Hace unas semanas Netflix lanzó el documental “El Caso Cassez-Vallarta” basado en la novela de Jorge Volpi sobre el famoso arresto de Florence Cassez e Israel Vallarta. El documental es sumamente perturbador, al intentar desentrañar el caso, la cámara va revelando un laberinto de inconsistencias, mentiras y corrupción que acaban por sepultar cualquier noción de verdad o justicia. La única conclusión es que en México el poder lo puede todo; incluso construir verdades.

En ese sentido “El Caso Cassez-Vallarta” es un documento sumamente valioso en el contexto actual. En México la justicia es una fabricación al servicio del poder y sus necesidades politiqueras. En el centro de ello está una falta de voluntad del Estado Mexicano, sexenio tras sexenio los presidentes han preferido usar al sistema de “justicia” como un arma política y no como un sistema de impartición de la ley.

En lugar de reformar y reconstruir el aparato de justicia, lo usan selectivamente para sus propios intereses. Carlos Salinas de Gortari arrestó al líder sindical Joaquín Hernández Galicia a pocos meses de llegar al poder, Enrique Peña Nieto hizo lo propio con Elba Esther Gordillo, y hace unas semanas la FGR arrestó a Jesús Murillo Karam. La opinión pública tiene argumentos para tener serias dudas sobre estos personajes, el problema es que su arresto tiene que ver justamente con eso; chivos expiatorios cuyo arresto ayuda a legitimar a los gobernantes. Por cada arresto espectacular, hay un mundo de impunidad, el show mediático permite mantener el status quo.
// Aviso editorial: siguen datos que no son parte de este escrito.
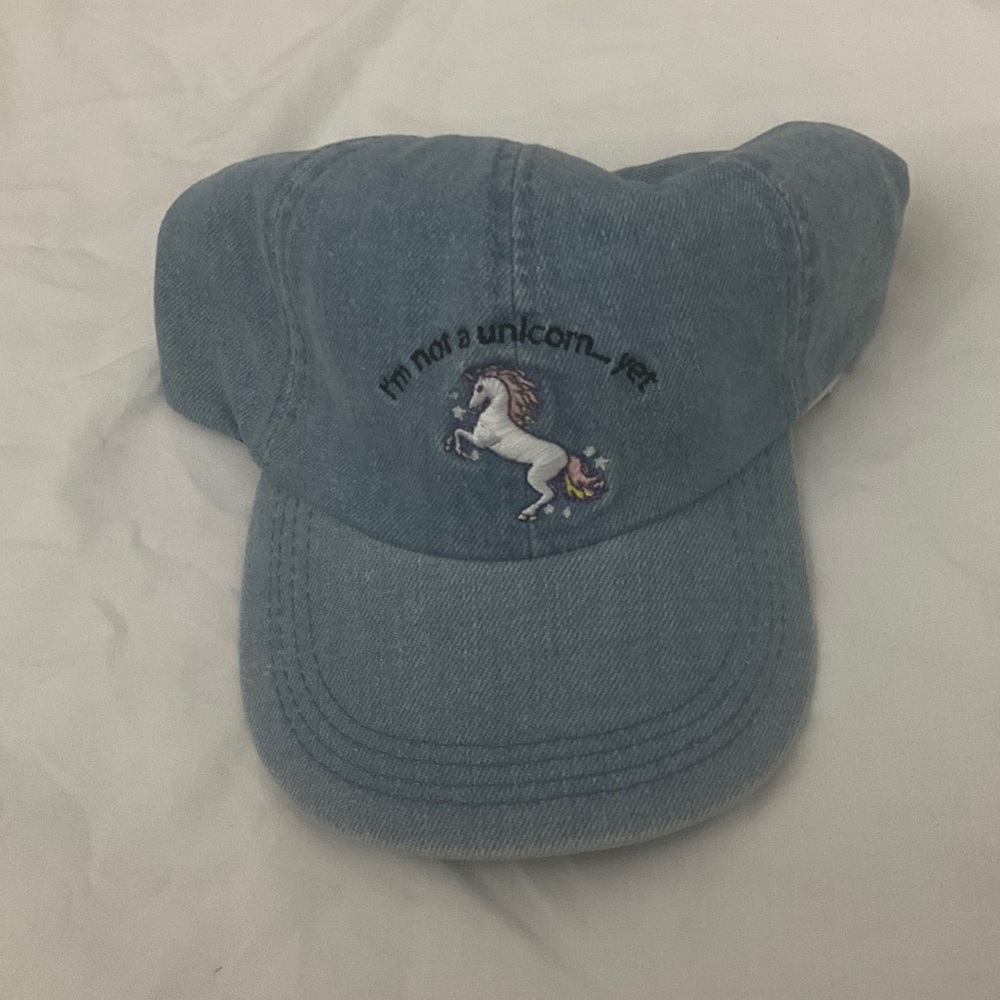 David & Young Blue Denim Cap with Unicorn Embroidery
En su libro y la serie que ahora lo acompaña, Volpi expone las fabricaciones del Estado Mexicano. La AFI arresta a Florence Cassez y a Israel Vallarta por secuestro, pero luego hace un montaje mediático para elevar el nivel del espectáculo. El “show” es oficialmente denominado como un arresto en vivo a secuestradores, pero no es en vivo, no es un arresto y posiblemente ellos no son secuestradores. En lugar de eso, el público mexicano es testigo en vivo y en directo de la tortura de un presunto victimario. Nadie repara en ello porque el “show” toca las fibras de una sociedad hambrienta por justicia y venganza. La gente quiere culpables y el gobierno les ha dado dos. Los juicios mediáticos no obedecen a la justicia sino a las emociones, un recordatorio importante en una época en la que las redes sociales han suplantado a las cortes.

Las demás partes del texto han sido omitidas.